It was not a question of claiming domination over nature. This would have been considered blasphemous. But the results were clear. If you put the fleecy and fatty ‘New Leicester’ sheep of Robert Bakewell before the scrawny and ragged specimens of other farmers, the differences were obvious. Within the course of the eighteenth century the average weight of a sheep at Smithfield rose from 28 lb to 80 lb.
That power of change was not exclusively reserved for the beasts of the field. Beneath the soil lay the potential for transformations just as great. The first stage of industrial growth was marked by the transition from wood to coal, from organic to mineral, from a local and perishable source to a substance that seemed to be as old and as imperishable as time. Coal was the foundation. Yet first it had to be reached from the bowels of the earth.

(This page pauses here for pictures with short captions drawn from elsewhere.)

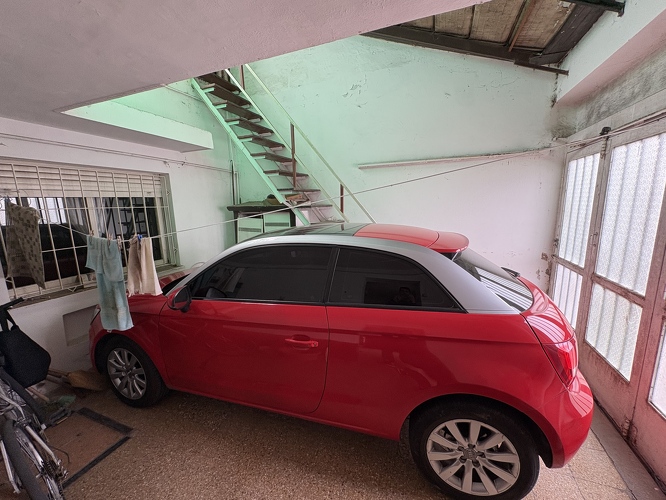 Casa en Venta en Somoza 1000, Pergamino Ciganda Inmobiliaria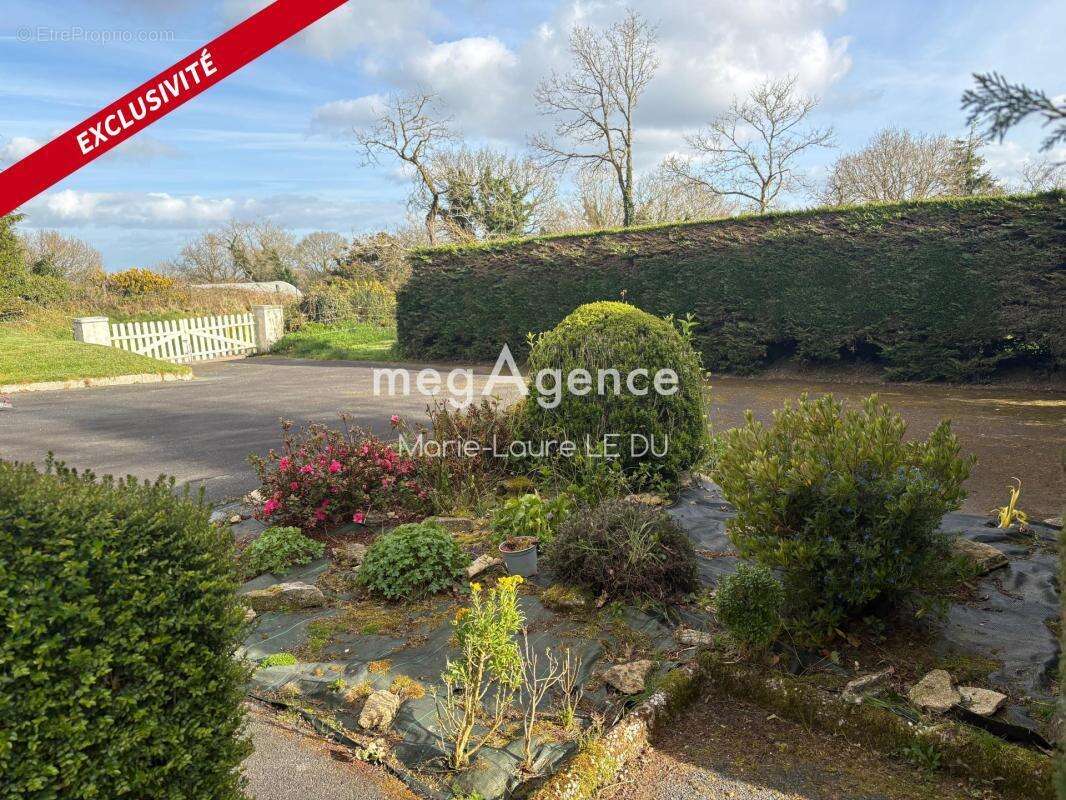 MAISON DE CAMPAGNE avec différentes dépendances - photo 4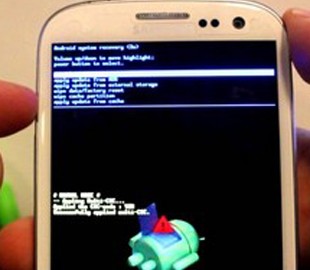 45 моделей смартфонов заразили опасным вирусом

The old fashion of excavating coal had been laborious and dangerous. The miners were lowered by rope many fathoms beneath the surface, where they took their place at the end of the track that they had already worked. They knelt, stooped or lay on one side in order to hack the coal from the main seam by means of pick, wedge or hammer; illustrations show them lying beneath immense layers of coal, as if they were likely at any moment to be crushed and obliterated. Their coal was taken away by pit ponies or by women and children who dragged large baskets from chains fastened to their waists. The hazards were everywhere, from gushing water to falling rocks and escaping steam, from asphyxiation by ‘choke-damp’ to suffocation in thick clouds of smoke and dust. Miners have always been associated with the dark and with subterranean depths; that is why they have generally been regarded with superstitious awe or irrational fear. They lived in darkness.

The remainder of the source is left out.